Termination Critera

The algorithm continues to iterate through the employed, onlooker, and scout bee phases until a termination criterion is met. In the original Artificial Bee Colony (ABC) proposal, the algorithm terminates when a predefined maximum number of iterations is reached. In this package, I included also a stagnation condition that monitors the variability of the bees in the colony: if the variability of the fitness falls below a certain threshold, it indicates that the search has stagnated, and the algorithm terminates early, preventing unnecessary computations.

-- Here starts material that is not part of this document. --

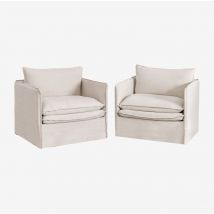 Confezione da 2 poltrone Grace in lino e cotone - Sklum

The stagnation value at time \(t\) is calculated as follows:

(6)\[\text{S}(t) = \frac{1}{SN} \sum_{i=1}^{SN} {\Big( \text{fitness}(\mathbf{x}_i) - \overline{\text{fitness}(t)} \Big)^2}\]

where \(\overline{\text{fitness}(t)}\) is the average fitness of the population \(\{ \mathbf{x}_1,...,\mathbf{x}_N \}\) at time \(t\).

If the stagnation value is below a certain threshold :math: tau, the algorithm halts, ensuring computational efficiency while still achieving good optimization results.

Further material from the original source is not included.